The really remarkable thing, though, was that people kept trying to get in here to help. One of the main memories I have from this is of the people who kept trying and trying to get in here to see patients. The statement I heard more than anything was: What can I do? What can do I to help? The longer it went on the more I heard that. We talked a lot about how an event like this either tears you apart or brings you together, and it brought us together.  

What now? Are you seeing an impact on people’s mental health in the aftermath of the hurricane? 

We are part of a regional group of behavioral health providers that has been meeting and talking about the aftereffects since immediately after the storm [was] over. What we have seen so far is that the inpatient providers aren’t seeing so much of an increase in problems, but the outpatient providers have seen a big influx of people suffering trauma.  

Why the difference? 

As a general statement, you have to be really sick to warrant inpatient admission, so we are talking about serious episodes of psychosis, schizophrenia, things like that. These illnesses can be triggered or exacerbated by environmental stress, but it’s not usually so linear. Whereas the less serious trauma, that is dealt with through counseling and other outpatient services, can manifest quickly and directly as a result of dealing with something like this. 

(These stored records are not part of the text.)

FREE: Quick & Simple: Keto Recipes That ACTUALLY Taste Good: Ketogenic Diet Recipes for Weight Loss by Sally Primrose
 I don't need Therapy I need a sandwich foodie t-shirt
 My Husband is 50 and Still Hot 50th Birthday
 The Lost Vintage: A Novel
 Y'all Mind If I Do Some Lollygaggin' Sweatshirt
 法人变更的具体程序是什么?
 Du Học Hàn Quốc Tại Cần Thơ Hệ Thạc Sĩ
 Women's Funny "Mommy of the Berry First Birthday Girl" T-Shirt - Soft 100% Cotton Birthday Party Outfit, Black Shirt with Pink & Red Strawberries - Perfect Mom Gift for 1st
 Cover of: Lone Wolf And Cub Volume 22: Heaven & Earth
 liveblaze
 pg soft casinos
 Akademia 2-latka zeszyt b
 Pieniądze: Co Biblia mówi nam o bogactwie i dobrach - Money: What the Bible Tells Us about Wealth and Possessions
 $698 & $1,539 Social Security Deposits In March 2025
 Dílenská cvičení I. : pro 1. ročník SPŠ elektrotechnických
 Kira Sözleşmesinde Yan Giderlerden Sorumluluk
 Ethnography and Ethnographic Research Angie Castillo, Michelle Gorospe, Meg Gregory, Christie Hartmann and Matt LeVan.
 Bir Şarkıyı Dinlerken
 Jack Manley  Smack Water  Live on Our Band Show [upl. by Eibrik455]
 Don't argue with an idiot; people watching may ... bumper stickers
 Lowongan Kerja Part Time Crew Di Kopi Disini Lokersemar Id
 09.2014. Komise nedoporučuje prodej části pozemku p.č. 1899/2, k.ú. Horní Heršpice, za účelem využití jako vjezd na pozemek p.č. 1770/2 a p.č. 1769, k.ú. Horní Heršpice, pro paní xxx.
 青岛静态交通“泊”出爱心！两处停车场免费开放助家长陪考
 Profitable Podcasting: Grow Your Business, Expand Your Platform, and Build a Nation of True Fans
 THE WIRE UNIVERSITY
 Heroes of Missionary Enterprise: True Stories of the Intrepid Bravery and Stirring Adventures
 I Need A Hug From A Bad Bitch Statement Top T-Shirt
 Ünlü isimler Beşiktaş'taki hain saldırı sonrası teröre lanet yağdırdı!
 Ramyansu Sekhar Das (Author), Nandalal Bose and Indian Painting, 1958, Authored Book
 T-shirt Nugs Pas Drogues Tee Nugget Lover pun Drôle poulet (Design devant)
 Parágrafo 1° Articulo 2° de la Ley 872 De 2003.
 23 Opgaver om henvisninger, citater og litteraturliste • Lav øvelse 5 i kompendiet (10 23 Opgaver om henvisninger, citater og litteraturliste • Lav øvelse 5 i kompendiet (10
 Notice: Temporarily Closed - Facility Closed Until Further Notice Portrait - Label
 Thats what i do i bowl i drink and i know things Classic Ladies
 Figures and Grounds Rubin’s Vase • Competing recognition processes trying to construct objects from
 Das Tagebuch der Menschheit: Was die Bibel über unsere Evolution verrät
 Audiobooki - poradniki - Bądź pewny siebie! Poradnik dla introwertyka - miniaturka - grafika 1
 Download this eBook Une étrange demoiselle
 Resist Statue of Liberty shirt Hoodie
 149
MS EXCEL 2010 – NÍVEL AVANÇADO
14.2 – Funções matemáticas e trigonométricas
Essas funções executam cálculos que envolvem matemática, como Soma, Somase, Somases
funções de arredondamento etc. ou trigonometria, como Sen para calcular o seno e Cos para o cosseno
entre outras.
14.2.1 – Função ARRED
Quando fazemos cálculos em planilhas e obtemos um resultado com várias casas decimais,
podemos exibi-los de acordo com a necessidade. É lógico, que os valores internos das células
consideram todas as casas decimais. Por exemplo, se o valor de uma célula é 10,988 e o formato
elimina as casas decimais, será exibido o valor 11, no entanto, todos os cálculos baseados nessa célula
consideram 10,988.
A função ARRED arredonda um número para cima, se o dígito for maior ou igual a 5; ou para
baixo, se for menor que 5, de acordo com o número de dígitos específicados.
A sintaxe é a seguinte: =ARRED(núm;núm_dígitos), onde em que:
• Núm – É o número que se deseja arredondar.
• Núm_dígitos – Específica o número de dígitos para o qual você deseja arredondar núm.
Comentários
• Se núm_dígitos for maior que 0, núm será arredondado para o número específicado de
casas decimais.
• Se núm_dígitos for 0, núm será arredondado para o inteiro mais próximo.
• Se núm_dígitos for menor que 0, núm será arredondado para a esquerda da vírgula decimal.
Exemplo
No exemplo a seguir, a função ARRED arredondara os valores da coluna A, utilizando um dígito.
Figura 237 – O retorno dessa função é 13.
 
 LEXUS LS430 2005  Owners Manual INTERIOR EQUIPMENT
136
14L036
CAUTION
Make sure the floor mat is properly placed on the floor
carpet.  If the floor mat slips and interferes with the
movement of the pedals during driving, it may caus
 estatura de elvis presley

One thing we are concerned about, which we’ve talked a lot about, is that there is likely to be a delayed impact of the trauma that people lived through. That in the short term people are dealing with the really immediate challenges of getting back into their homes, finding places to live, cleaning. But after that settles down, often that’s when the trauma begins to manifest in their lives and affect them. We are gearing up to deal with the delayed trauma responses. We have learned from Hurricane Katrina and others that this does actually happen.  

What does it mean to prepare for that? To gear up? 

It will affect all the levels of care to some degree. One example is that we are doing a lot of work in schools already, because we are concerned about the effect it will have on kids. We are training counselors and administrators and teachers to be alert to problems that turn up, and to know what to do. 

We have interviewed a number of different groups that specialize in community-wide trauma, learning from them what kinds of initiatives and programs can help, what kind of monitoring we’ll need to do.  

Final thoughts? 

 It was extraordinary to see what people are capable of in such situations. It’s inspiring. I think about after the storm ended, and how so many people whose homes didn’t flood turned almost immediately to helping out with friends and family whose homes did flood. Our staff left the hospital, in many cases, and the next day were in a friend’s home helping them muck out. That was nasty work. The smell was awful. We spent the whole next weekend doing hard labor helping friends. I drove into a neighborhood near us that did flood badly, and there were hundreds of cars parked on both sides of the streets. We realized they weren’t the cars of the residents. It was people who had driven in from other areas to help. Friends, family, strangers who wanted to help. At lunchtime, I saw these pop-up tents going up all over the neighborhood, and it was people who had brought their grills and food and were providing lunch for everyone. None of this was organized. They just spontaneously came in to feed the volunteers. There was literally a traffic jam from so many people coming to help. The police had to come in to navigate.